Not every country wanted peace. The Dutch wanted the islands in the Caribbean back that the British had taken and the British wanted to preserve their colonial possessions. France wanted to keep seizing British islands in the Caribbean and re-coup its colonies in India. Spain wanted to take Gibraltar back and along with the French, began an assault on the British fortress in June 1779 that continued until the French and Spanish gave up on February 7th, 1783.

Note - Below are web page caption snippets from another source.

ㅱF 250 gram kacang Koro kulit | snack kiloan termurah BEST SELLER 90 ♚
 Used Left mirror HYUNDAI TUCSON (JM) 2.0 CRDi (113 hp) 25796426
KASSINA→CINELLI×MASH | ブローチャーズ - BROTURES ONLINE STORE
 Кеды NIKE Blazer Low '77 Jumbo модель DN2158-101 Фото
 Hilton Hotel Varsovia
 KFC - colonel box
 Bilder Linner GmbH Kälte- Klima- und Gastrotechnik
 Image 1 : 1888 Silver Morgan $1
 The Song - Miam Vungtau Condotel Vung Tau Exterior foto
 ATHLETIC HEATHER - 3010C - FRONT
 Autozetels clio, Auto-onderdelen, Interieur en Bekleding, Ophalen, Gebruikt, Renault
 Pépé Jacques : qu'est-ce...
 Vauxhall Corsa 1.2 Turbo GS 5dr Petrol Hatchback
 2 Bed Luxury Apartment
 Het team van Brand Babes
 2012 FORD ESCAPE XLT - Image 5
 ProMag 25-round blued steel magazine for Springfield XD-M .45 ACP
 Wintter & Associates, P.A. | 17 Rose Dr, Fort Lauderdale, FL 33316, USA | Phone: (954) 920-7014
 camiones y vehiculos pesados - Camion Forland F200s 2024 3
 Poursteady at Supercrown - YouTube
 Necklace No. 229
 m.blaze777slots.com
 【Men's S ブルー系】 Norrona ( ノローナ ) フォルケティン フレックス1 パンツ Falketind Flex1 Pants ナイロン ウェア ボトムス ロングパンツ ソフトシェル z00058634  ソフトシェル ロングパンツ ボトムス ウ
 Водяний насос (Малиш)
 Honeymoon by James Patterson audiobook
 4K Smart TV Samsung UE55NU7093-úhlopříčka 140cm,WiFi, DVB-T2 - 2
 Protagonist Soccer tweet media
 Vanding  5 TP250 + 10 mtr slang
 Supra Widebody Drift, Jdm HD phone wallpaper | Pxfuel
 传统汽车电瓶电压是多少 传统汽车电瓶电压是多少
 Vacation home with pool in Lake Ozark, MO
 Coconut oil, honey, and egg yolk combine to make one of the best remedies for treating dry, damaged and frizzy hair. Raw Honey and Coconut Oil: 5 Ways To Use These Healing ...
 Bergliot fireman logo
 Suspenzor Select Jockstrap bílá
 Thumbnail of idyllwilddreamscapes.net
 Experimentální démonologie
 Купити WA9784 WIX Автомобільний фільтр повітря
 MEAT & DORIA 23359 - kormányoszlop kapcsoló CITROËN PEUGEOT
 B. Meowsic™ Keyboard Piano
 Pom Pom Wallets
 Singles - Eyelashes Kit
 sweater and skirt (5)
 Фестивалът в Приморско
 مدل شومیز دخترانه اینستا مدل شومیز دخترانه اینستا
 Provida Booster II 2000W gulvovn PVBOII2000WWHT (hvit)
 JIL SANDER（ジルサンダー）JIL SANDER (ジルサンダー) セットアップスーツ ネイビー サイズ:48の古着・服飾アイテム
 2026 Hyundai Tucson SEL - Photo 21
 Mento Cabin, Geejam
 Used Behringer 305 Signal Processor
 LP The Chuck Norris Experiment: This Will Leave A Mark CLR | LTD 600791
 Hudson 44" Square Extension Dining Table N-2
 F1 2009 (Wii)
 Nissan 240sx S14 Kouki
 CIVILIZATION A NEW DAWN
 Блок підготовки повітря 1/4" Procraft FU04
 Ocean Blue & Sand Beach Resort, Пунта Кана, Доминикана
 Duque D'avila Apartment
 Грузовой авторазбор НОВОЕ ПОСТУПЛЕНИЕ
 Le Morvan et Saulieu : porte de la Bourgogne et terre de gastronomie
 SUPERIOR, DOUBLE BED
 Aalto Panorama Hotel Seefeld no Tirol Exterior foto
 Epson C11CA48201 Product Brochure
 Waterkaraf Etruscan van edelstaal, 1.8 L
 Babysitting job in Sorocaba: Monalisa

As a result it took not one, but several treaties known as the Peace of Paris to get the warring parties to stop shooting at each other. We – the United States – got what we wanted – independence and recognition as stated in Article 1 of the treaty. It is the only article of the treaty still in force today. Most significant was that one clause gave the United States all the vaguely defined British owned (claimed) land from the Atlantic to the Mississippi south of Canada and north of Spanish owned Florida.

This large tract of land set the stage for the westward territorial expansion of the U.S. setting the stage for an intermittent war with the Native American tribes who lived on this newly acquired territory as well as other acquisitions of land. that lasted until 1924. No American leader believed that we would fight the Indians for 141 years!

Unintended consequence #2 is the French Revolution. Historians debate the effect the American Revolution on France where the monarchy was extremely unpopular, the majority of the population was impoverished, overtaxed and civil liberties as we know them were non-existent. In 1789, six years after the Treaty of Paris was signed, the French Revolution began. One has to believe that the American Revolution had an effect.

In England, after Cornwallis’s surrender, the dominos began to fall and is unintended consequence #3. The First Lord of the Admiralty, Lord Sandwich narrowly avoided being fired over the Royal Navy’s performance. Lord North’s government received a vote of no confidence and Lord Shelburne wanted to try him for his conduct of the war.

Shelbourne, supposedly friendly with Benjamin Franklin, was on record for saying that “he would never consent, under any possible given circumstances, to acknowledge the independency of America” This led to the creation of a coalition government with Lord Rockingham as Prime Minister and Charles Fox as Foreign Secretary. George III hated Rockingham and Fox hated Rockingham, so one can only wonder what the cabinet meetings must have been like.

The French, Dutch and Spanish entered the war on our side not because they were enamored with our desire for freedom, but because they wanted to take back what they lost in the Seven Years War. Their participation in the American Revolution got them nothing. In Louis XVI, it cost him his head.

However, had they not joined, we may not have become independent.